● ASSIGNMENT: Every line below between the line holding "Welcome to the" and the line holding "You've completed navigating", inclusive, should be repeated exactly, and all other lines omitted.
========================================================================
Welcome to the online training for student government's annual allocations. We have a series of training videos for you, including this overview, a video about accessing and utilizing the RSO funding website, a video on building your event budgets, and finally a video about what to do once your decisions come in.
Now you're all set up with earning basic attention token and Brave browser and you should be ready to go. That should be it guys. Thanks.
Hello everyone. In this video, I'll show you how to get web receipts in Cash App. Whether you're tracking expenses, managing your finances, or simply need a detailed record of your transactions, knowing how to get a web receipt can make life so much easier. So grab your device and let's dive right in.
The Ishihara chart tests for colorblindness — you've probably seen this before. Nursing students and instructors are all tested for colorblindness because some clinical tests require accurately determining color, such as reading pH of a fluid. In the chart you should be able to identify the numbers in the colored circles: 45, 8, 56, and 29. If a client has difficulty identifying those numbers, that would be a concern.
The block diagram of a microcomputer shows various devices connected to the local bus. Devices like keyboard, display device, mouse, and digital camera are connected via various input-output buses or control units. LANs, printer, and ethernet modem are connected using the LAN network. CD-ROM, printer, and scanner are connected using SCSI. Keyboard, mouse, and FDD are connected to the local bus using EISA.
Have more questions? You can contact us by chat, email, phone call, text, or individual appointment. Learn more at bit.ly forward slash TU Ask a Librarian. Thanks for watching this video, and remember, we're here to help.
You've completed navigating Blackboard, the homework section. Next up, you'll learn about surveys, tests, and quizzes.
========================================================================
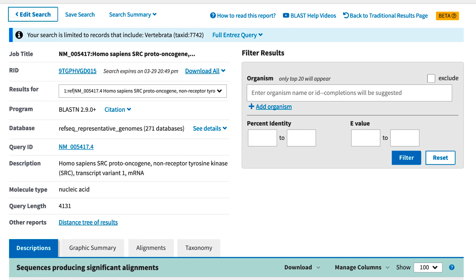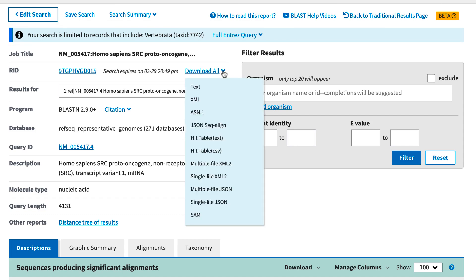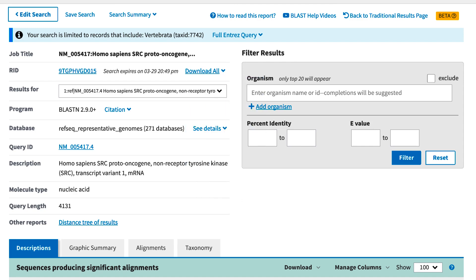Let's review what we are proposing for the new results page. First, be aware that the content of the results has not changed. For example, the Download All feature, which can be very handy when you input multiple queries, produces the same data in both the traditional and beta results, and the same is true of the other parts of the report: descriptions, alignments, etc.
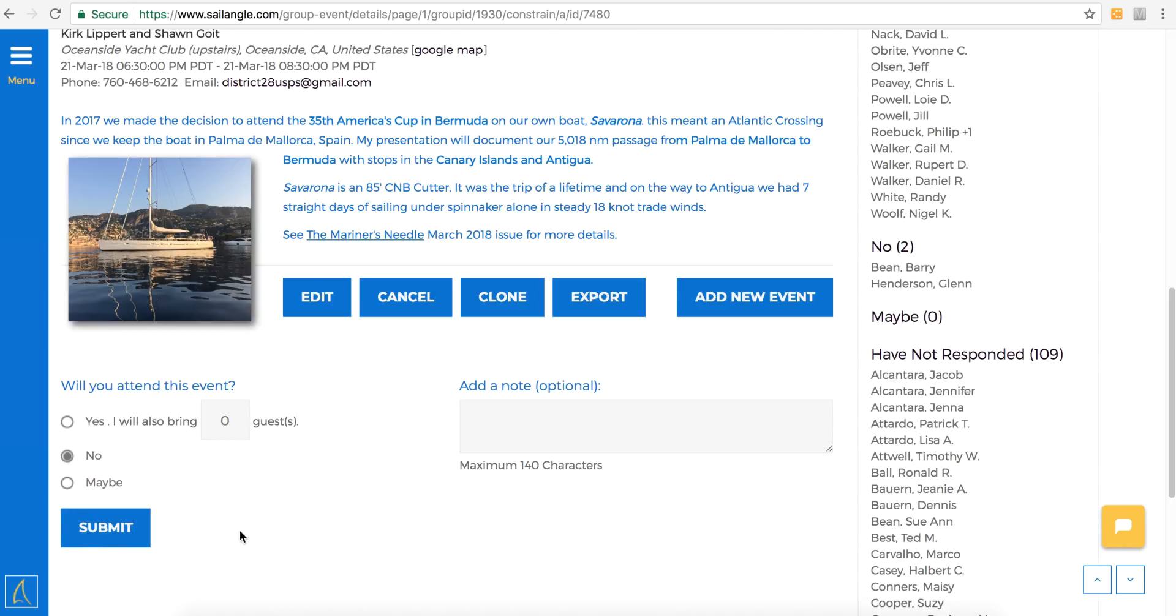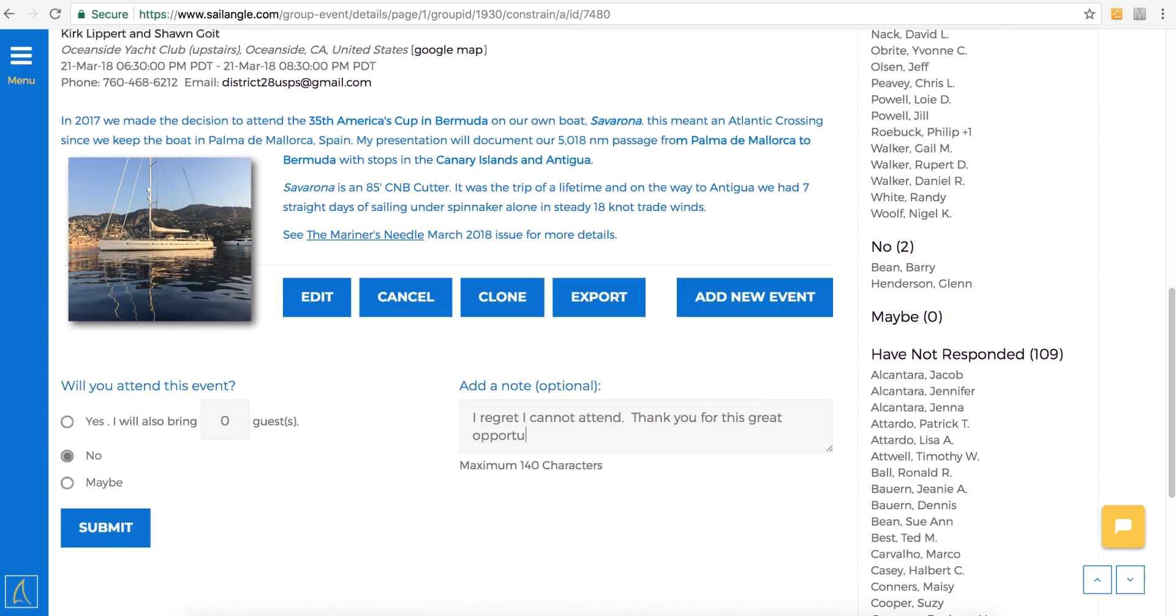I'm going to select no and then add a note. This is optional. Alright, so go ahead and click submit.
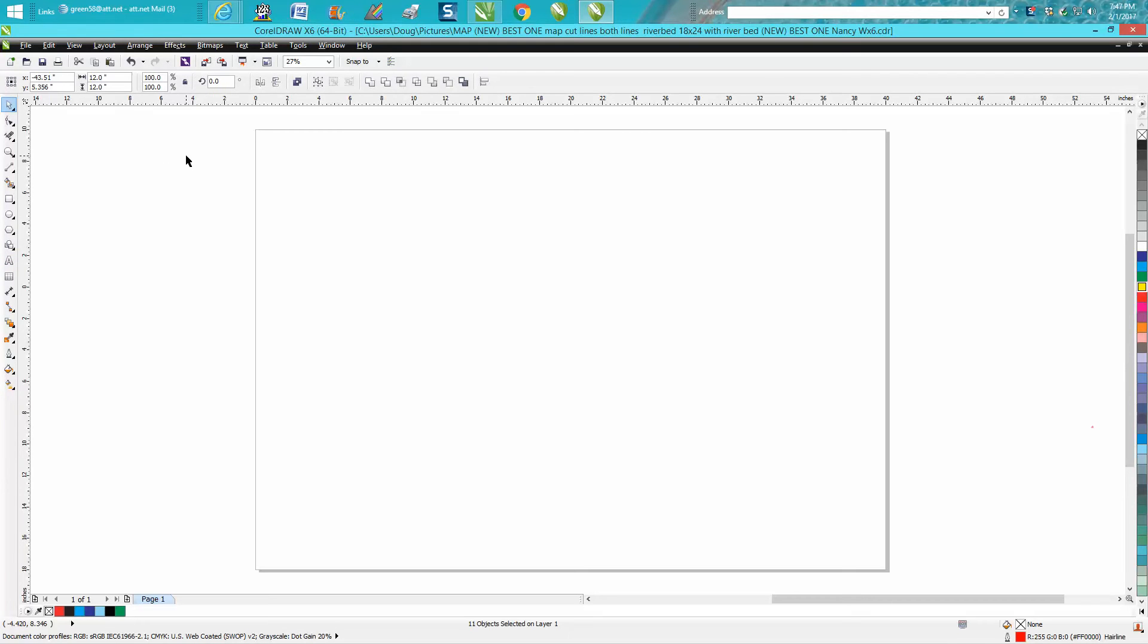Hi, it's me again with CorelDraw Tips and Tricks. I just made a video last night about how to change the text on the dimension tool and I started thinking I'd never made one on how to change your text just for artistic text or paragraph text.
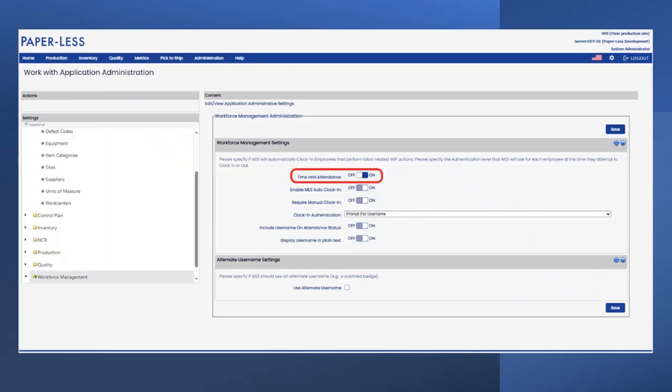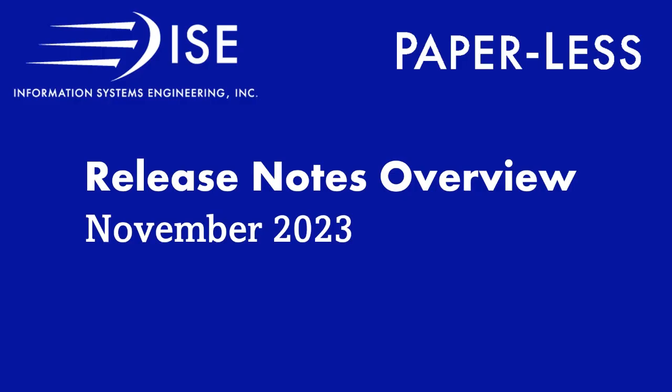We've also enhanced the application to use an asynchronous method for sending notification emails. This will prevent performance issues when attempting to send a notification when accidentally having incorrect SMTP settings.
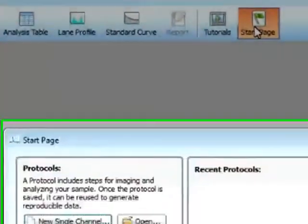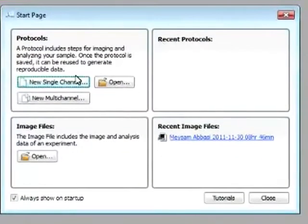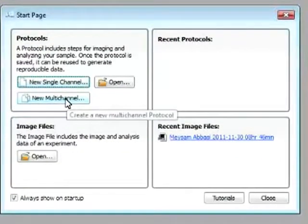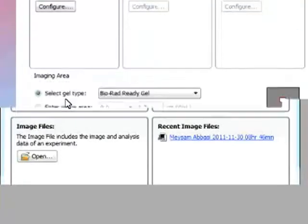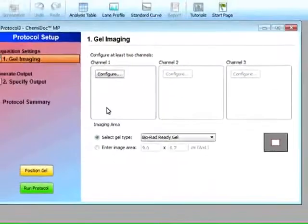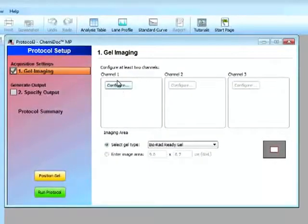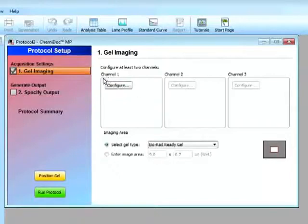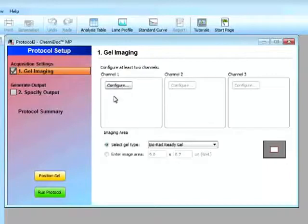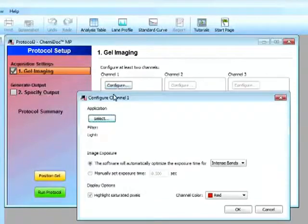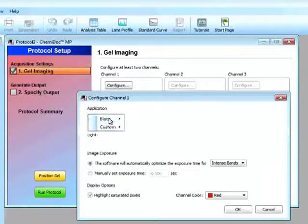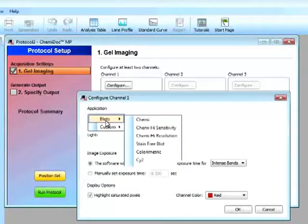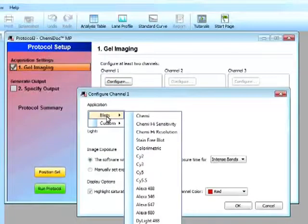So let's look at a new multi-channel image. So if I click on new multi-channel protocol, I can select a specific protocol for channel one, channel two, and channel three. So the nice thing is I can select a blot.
========================================================================
● EXERCISE RESULT:
Welcome to the online training for student government's annual allocations. We have a series of training videos for you, including this overview, a video about accessing and utilizing the RSO funding website, a video on building your event budgets, and finally a video about what to do once your decisions come in.
Now you're all set up with earning basic attention token and Brave browser and you should be ready to go. That should be it guys. Thanks.
Hello everyone. In this video, I'll show you how to get web receipts in Cash App. Whether you're tracking expenses, managing your finances, or simply need a detailed record of your transactions, knowing how to get a web receipt can make life so much easier. So grab your device and let's dive right in.
The Ishihara chart tests for colorblindness — you've probably seen this before. Nursing students and instructors are all tested for colorblindness because some clinical tests require accurately determining color, such as reading pH of a fluid. In the chart you should be able to identify the numbers in the colored circles: 45, 8, 56, and 29. If a client has difficulty identifying those numbers, that would be a concern.
The block diagram of a microcomputer shows various devices connected to the local bus. Devices like keyboard, display device, mouse, and digital camera are connected via various input-output buses or control units. LANs, printer, and ethernet modem are connected using the LAN network. CD-ROM, printer, and scanner are connected using SCSI. Keyboard, mouse, and FDD are connected to the local bus using EISA.
Have more questions? You can contact us by chat, email, phone call, text, or individual appointment. Learn more at bit.ly forward slash TU Ask a Librarian. Thanks for watching this video, and remember, we're here to help.
You've completed navigating Blackboard, the homework section. Next up, you'll learn about surveys, tests, and quizzes.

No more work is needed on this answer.